Coming from the developer at the beginning of the neighborhood in 1991, this promise no doubt sounded like an alluring one. Imagine a new development, and you are a pioneer purchaser of one of the lots while construction continues all around you. Naturally, you would prefer not to arrive at your new home at the end of the day and find all kinds of construction, development, and sales vehicles parked up and down your street, including in front of your house. The promise of no parking on the by-then-public streets is a promise the developer could make-and one that purchasers (themselves or via the association) could enforce- against the developer. It, however, is not a promise made by the Hucks to anyone. Let us explain.

To be sure, the Hucks are not "parties" to the neighborhood's restrictive covenants, including this one. Restrictive covenants regarding real property are not like personal contracts. "Covenants are divisible into two major classes: (1) real covenants which run with the land and typically bind the heirs and assigns of the covenanting parties, and (2) personal covenants which bind only the covenanting parties personally." Hayslip v. U.S. Home Corp., 336 So.3d 207, 209 (Fla. 2022); see also Maule Indus., Inc. v. Sheffield Steel Prods., Inc., 105 So.2d 798, 801 (Fla. 3d DCA 1958) ("A covenant running with the land differs from a merely personal covenant in that the former concerns the property conveyed and the occupation and enjoyment thereof, whereas the latter covenant is collateral or is not immediately concerned with the property granted.").

Where a covenant "runs with the land," successors to the property owner who made that covenant "become liable as promisors upon the promise made by their predecessor," even though they are succeeding to an ownership or possessory interest in the real property rather than assuming the obligations of a contract under an assignment. RESTATEMENT OF PROP. § 530 cmt. a (at 3194) (Am. Law Inst. 1936); see also id. cmt. c (at 3195) ("Under the rules relating to the running of the burden of promises respecting the use of land the successor to the promisor becomes bound, if the promise runs to him, as though he were himself a promisor."); see Burdine v. Sewell, 92 Fla. 375, 392 (Fla. 1926) ("A covenant is said to run with the land when either the liability to perform it or the right to take advantage of it passes to the vendee or other assignee of the land."). This, then, is the key distinction between a covenant running with the land and a typical promise. "Ordinarily a promise creates a promissory or contractual obligation only on the part of the one making the promise." RESTATEMENT OF PROP., Div. V, Ch. 45, Intr. Note, Topic A (at 3192) (Am. Law Inst. 1936). When, however, a promise regards "the use of land, a successor to the ownership of one who has made a promise respecting the use of his land may, merely by virtue of such succession, become subject to promissory or contractual obligations on promises made by his predecessor." Id. (emphasis supplied). Running with the land, in essence, is a substitute for consideration. It turns a promise that would be binding only on the maker into a contract-like obligation that is binding on the maker's successors, even though they personally never signed onto the promise. Indeed, if the promise can be said to run with the land, purchase of the land with notice is enough.

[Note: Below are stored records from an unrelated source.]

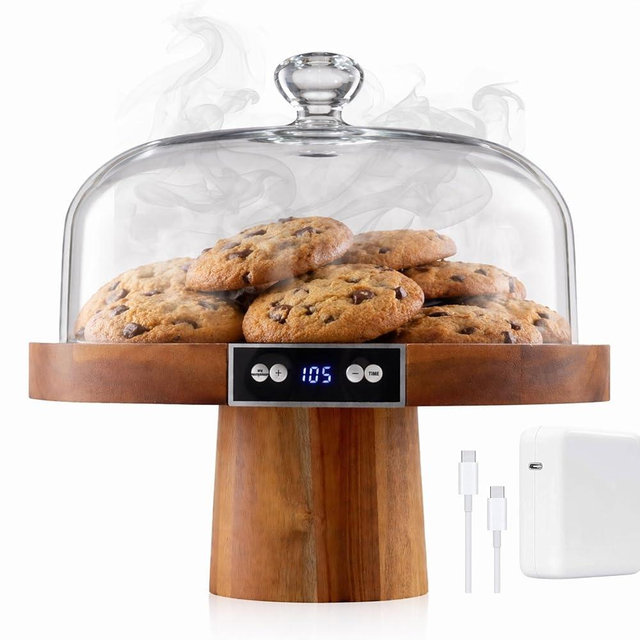 Velvera Heated Cake Stand with Dome, Cordless Food Warmer, Adjustable Temperature up to 180°F, Wooden Cake Display Stand for Cakes, Brownies, Pastries, Muffins & Cookies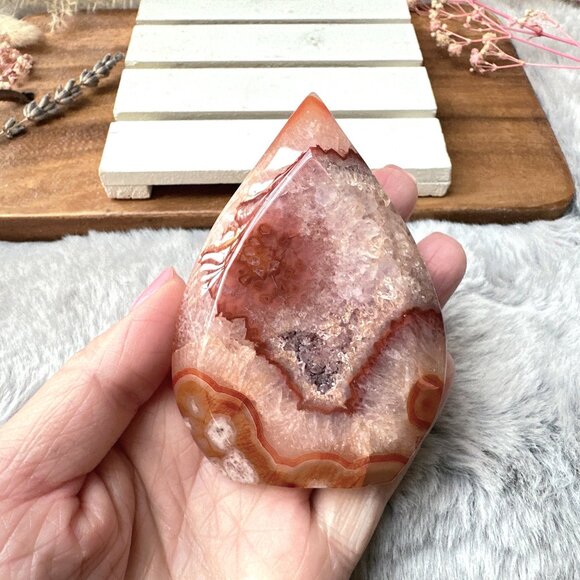 Gorgeous Carnelian with Flower Agate Flame - Picture 5 of 7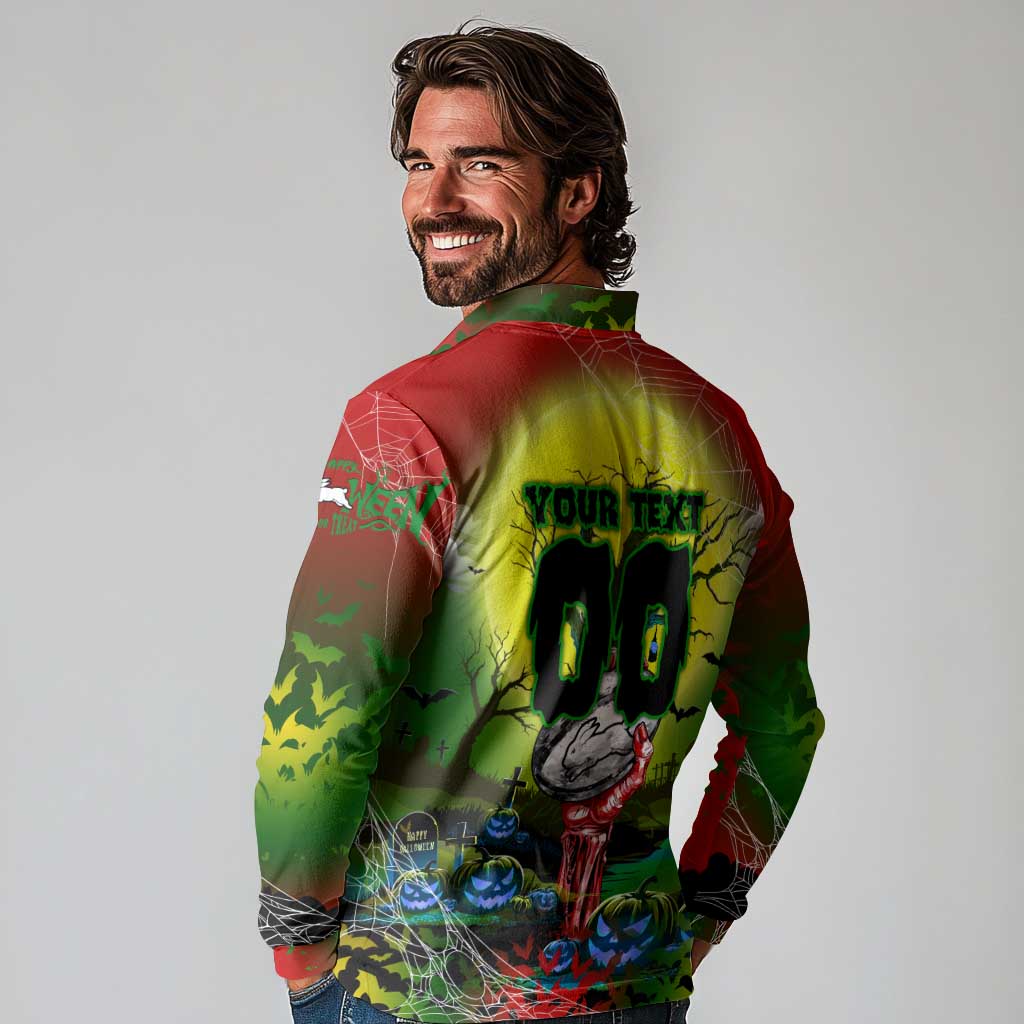 We Are Rabbitohs Halloween Long Sleeve Polo Shirt Pumpkin Scary Spooky Season - Aussie Hoodie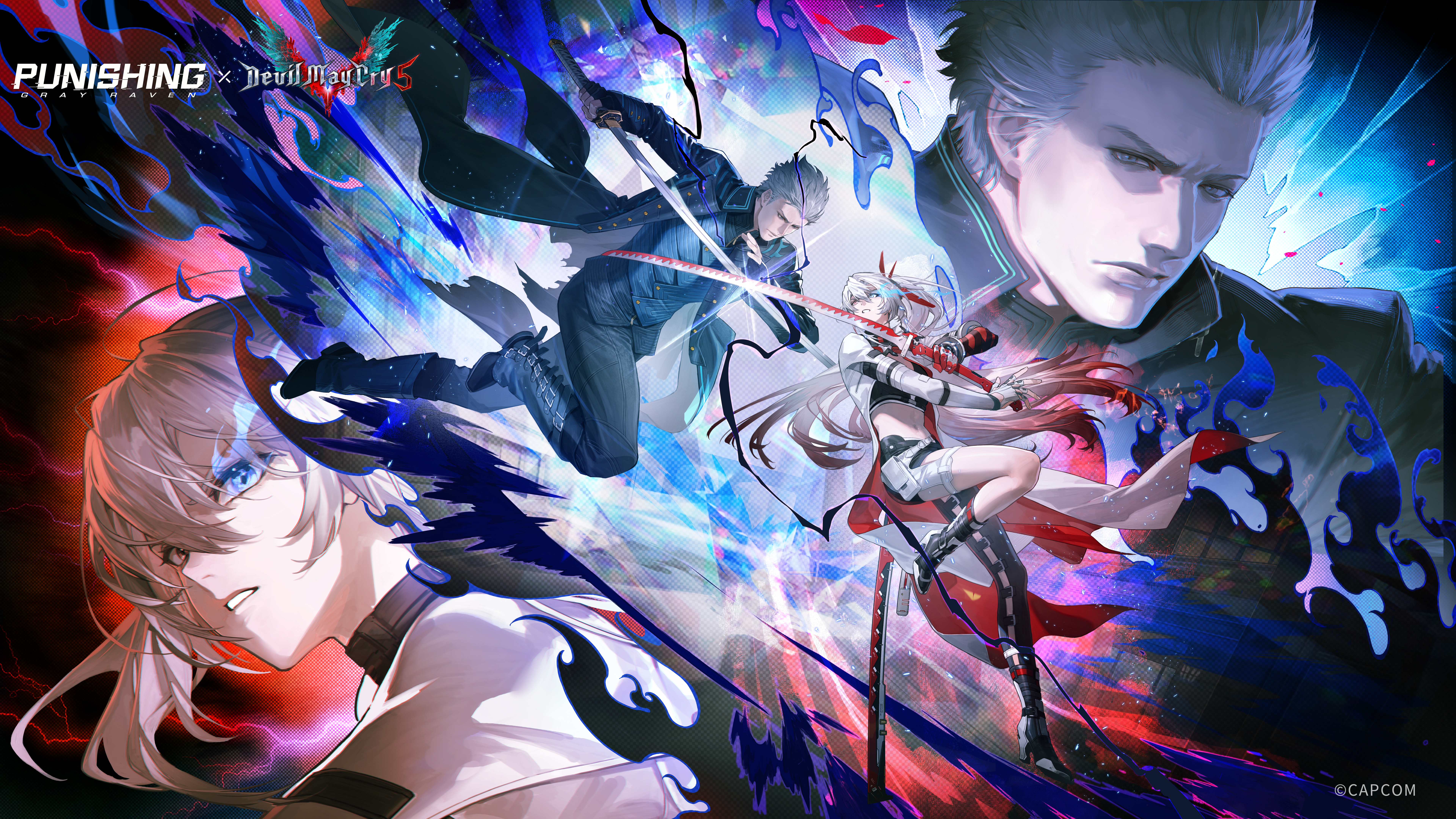 alpha: crimson weave (pgr), alpha (pgr), vergil (devil may cry), devil may cry (series), devil may cry 5, punishing: gray raven, absurdres, highres, official art, 1boy, 1girl, asymmetrical legwear, black coat, blue eyes, blue fire, broken glass, coat, crossed swords, crossover, fighting stance, fingerless gloves, fire, full body, glass, gloves, hair between eyes, heterochromia, holding, holding sword, holding weapon, lightning, long hair, red eyes, sword, very long hair, weapon, white coat, white hair, yamato (sword)
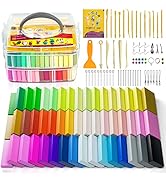 Aestd-ST Polymer Clay 52 Colors, Modeling Clay for Kids, Non-Sticky Oven Bake Clay with Sculpting...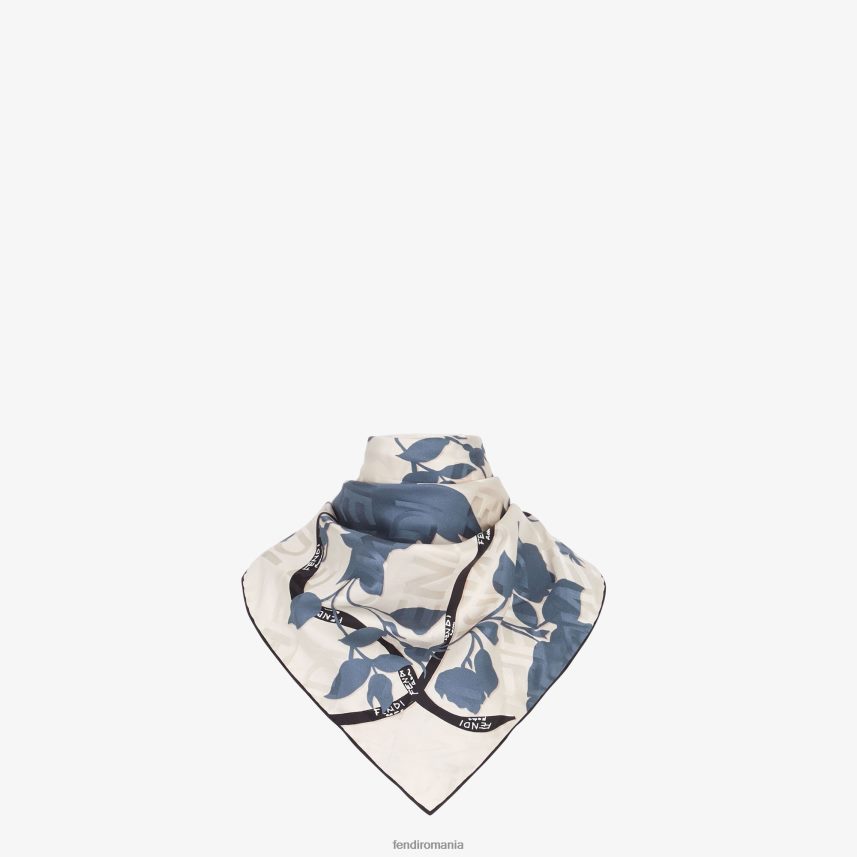 foulard din mătase organică albastru Fendi femei accesorii 86084L218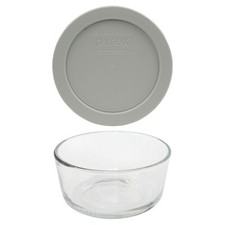 Pyrex 7200 2-Cup Glass Food Storage Bowl w/ 7200-PC 2-Cup Jet Gray Lid Cover
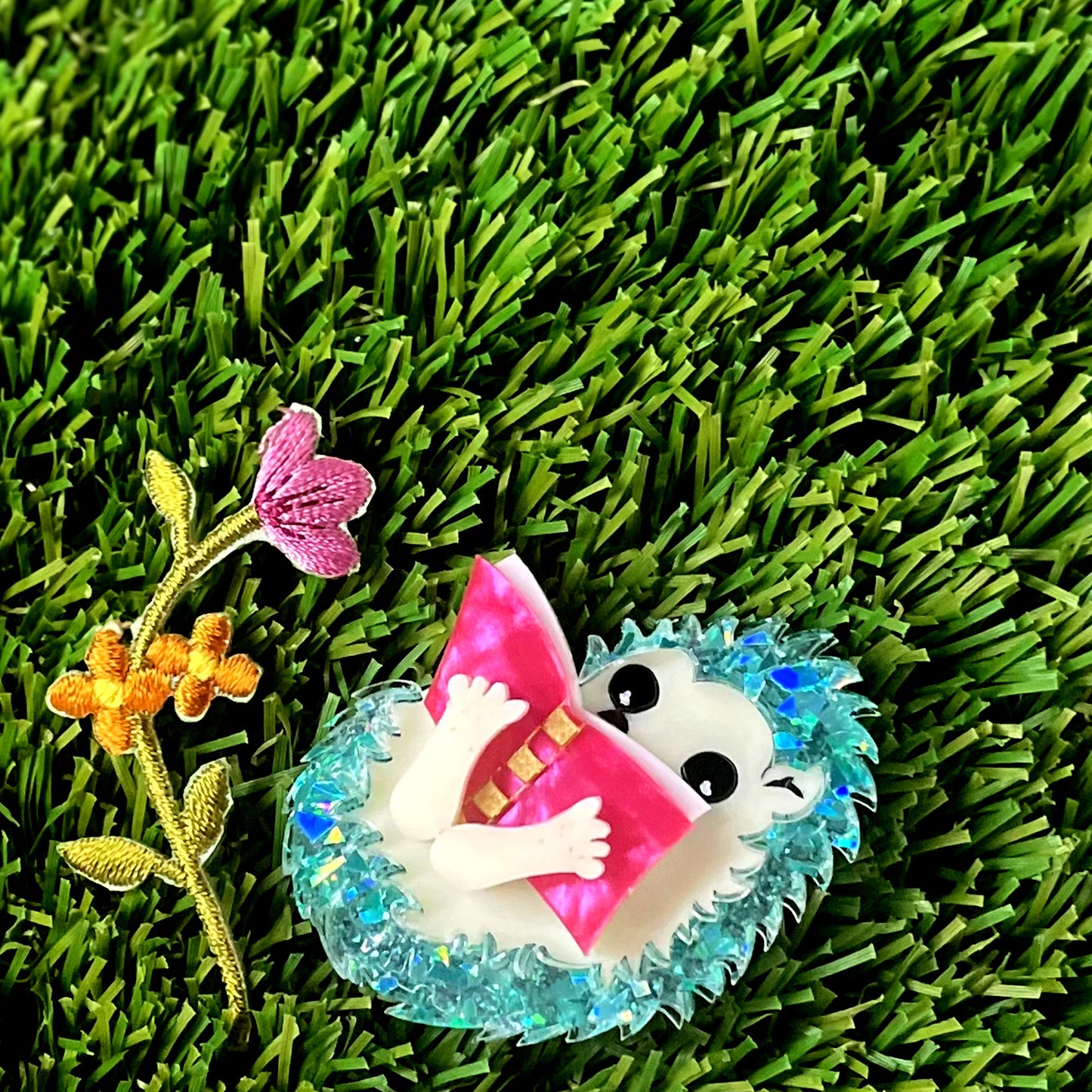 Punk Rock Reading Hedgehog Hair Clips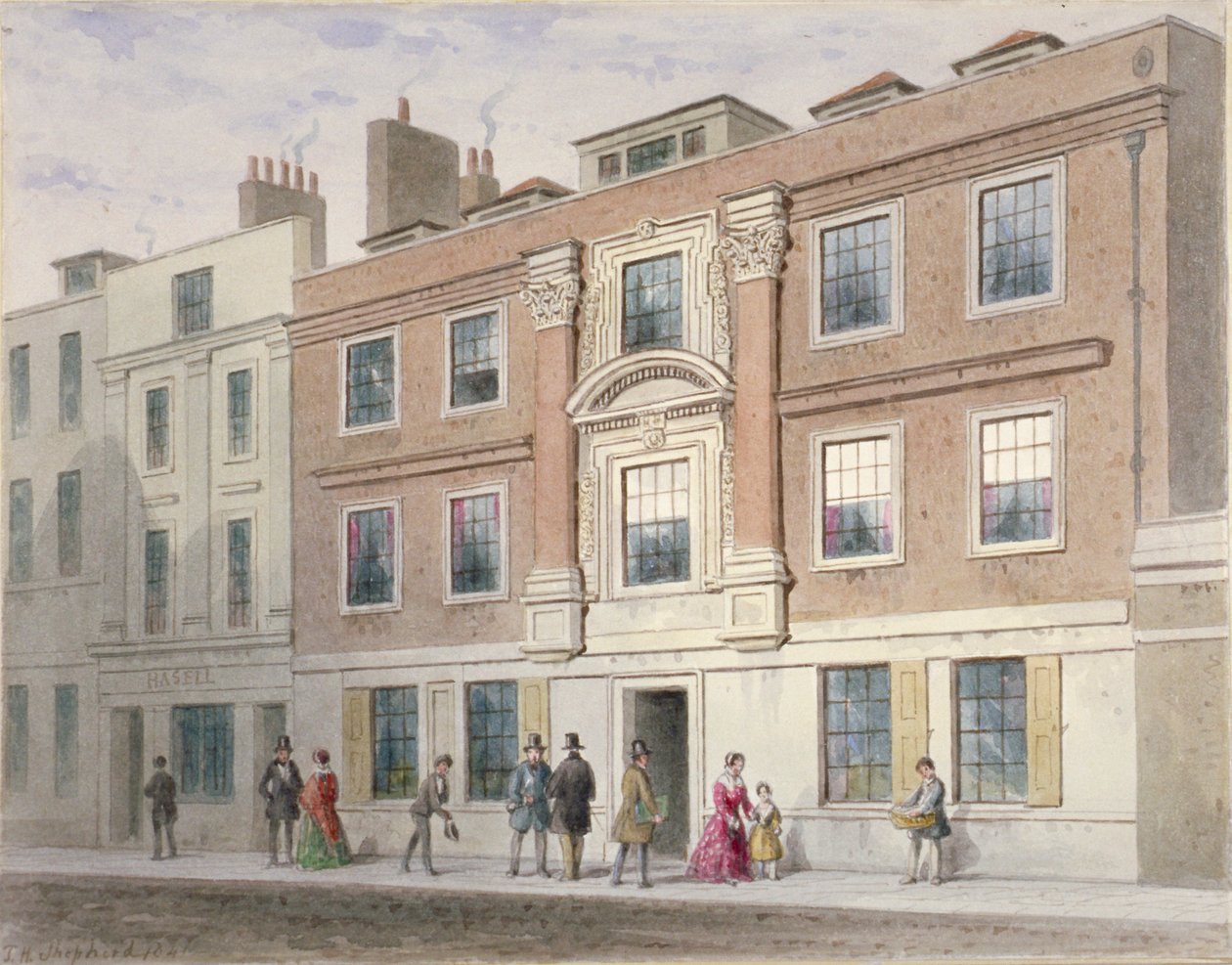 Utsikt over et herskapshus i Great Winchester Street, City of London, 1841 av Thomas Hosmer Shepherd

We refer to the original Restatement of Property-and only that version-judiciously, and only to the extent it appears consistent with the early development of Florida's common law regarding real property. We otherwise share the late Justice Scalia's dubiousness about later editions of the Restatement. See Kansas v. Nebraska, 574 U.S. 445, 475-76 (2015) (Scalia, J., concurring in part, dissenting in part) (noting how the "modern Restatements . . . are of questionable value, and must be used with caution" because they "have abandoned the mission of describing the [general common] law [as it exists], and have chosen instead to set forth their aspirations for what the law ought to be").

Whether the parking promise in this case runs with the land, then, makes all the difference. Because the Hucks did not make the parking promise-there is no binding contract here, supported by consideration-it could bind them only if it could be said to "run with their land." If the covenant does not run with the land, the Hucks "acquired [their] land free of it." Armstrong v. Seaboard Air Line Ry. Co., 95 So. 506, 509-10 (Fla. 1922). Yes, to "run with the land" is an ancient real property principle studied in the first year of law school. But as we see in Hayslip, the principle still applies in Florida. See Hayslip, 336 So.3d at 209 (looking to "the following three conditions[, which] must exist to create a valid and enforceable covenant running with the land: (1) the existence of a covenant that touches and involves the land; (2) an intention that the covenant run with the land; and (3) notice of the restriction on the part of the party against whom enforcement is sought" (internal quotation and citation omitted, and emphasis supplied)). The emphasized portion of the quote from Hayslip is the rub for KCHA and the disgruntled neighbors: The restriction they seek to enforce against the Hucks has nothing to do with, and makes no reference to, the use of their own property.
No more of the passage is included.